• **What the task requires**: A verbatim copy is needed of the lines below from the one containing "ELEMENT 34012594 Main Board" up to and including the one containing "thumbnail image 2", excluding pictures.

• **Information supplied**:
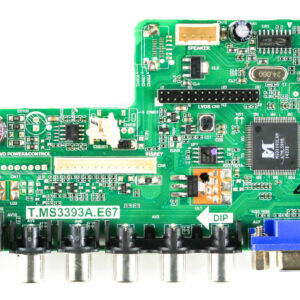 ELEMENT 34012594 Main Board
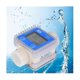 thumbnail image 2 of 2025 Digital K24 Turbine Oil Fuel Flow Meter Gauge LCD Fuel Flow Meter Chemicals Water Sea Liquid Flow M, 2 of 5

...

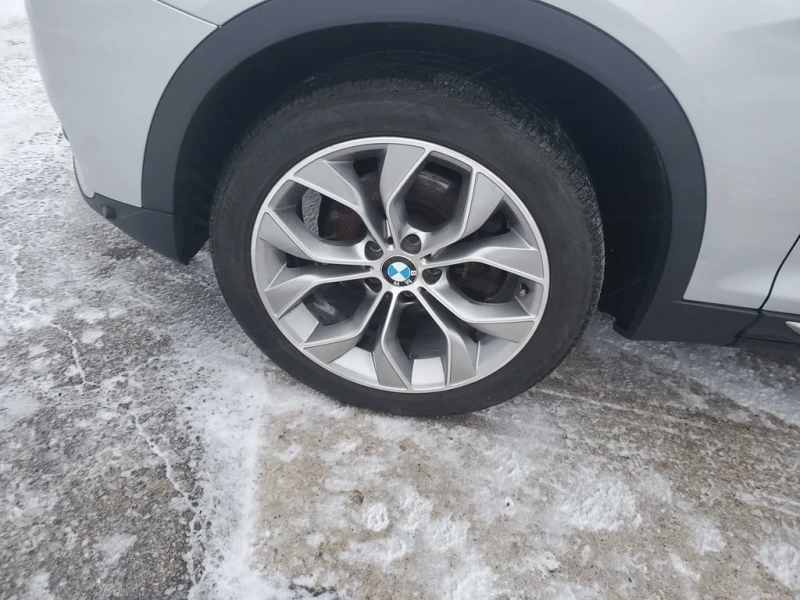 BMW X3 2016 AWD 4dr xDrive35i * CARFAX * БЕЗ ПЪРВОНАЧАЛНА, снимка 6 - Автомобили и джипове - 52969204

• **Solution**:
 ELEMENT 34012594 Main Board
 thumbnail image 2 of 2025 Digital K24 Turbine Oil Fuel Flow Meter Gauge LCD Fuel Flow Meter Chemicals Water Sea Liquid Flow M, 2 of 5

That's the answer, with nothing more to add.